• [Exercise details]: Print, from the listing below, the lines starting at the line containing "Set ng 4 White Solar LED Candles" and ending at the line containing "energie regenerabile Reţeaua", exactly as they stand, and print nothing else.

● ● ● ●

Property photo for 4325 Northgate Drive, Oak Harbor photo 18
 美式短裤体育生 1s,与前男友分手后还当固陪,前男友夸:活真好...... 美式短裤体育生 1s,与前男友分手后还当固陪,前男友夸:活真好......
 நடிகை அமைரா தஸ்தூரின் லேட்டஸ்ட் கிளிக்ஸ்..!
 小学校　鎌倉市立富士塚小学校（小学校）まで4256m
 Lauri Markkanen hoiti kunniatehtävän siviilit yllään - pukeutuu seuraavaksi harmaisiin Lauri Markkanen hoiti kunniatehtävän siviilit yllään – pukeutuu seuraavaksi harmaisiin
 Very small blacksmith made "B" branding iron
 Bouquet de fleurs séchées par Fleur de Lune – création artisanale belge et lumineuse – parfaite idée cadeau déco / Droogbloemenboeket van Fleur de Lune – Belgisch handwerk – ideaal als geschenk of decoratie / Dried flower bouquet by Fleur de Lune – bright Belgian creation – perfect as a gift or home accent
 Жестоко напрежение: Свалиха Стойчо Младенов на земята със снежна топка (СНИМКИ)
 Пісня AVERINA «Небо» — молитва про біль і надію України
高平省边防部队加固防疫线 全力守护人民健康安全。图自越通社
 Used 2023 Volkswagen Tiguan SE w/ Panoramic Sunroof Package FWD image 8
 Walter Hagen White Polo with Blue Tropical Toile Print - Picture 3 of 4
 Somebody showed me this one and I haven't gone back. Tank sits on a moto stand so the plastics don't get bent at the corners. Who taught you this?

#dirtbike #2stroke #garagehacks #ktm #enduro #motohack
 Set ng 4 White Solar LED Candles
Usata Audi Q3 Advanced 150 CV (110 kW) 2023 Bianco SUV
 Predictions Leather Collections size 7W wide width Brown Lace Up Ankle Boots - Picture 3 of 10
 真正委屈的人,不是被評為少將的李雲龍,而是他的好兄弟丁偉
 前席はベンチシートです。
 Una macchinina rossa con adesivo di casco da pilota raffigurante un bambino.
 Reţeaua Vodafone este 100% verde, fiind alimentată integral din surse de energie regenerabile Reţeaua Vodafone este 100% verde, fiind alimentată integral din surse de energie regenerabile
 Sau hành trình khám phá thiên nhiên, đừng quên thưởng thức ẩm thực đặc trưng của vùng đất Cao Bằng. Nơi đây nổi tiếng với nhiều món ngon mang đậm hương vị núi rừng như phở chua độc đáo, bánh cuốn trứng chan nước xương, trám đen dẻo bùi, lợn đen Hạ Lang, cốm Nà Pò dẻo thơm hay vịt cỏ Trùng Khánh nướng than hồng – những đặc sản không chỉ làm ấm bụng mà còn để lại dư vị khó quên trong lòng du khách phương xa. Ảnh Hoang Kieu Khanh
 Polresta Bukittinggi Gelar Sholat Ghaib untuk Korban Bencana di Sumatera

● ● ● ●

• [Answer to the problem]:
 Set ng 4 White Solar LED Candles
Usata Audi Q3 Advanced 150 CV (110 kW) 2023 Bianco SUV
 Predictions Leather Collections size 7W wide width Brown Lace Up Ankle Boots - Picture 3 of 10
 真正委屈的人,不是被評為少將的李雲龍,而是他的好兄弟丁偉
 前席はベンチシートです。
 Una macchinina rossa con adesivo di casco da pilota raffigurante un bambino.
 Reţeaua Vodafone este 100% verde, fiind alimentată integral din surse de energie regenerabile Reţeaua Vodafone este 100% verde, fiind alimentată integral din surse de energie regenerabile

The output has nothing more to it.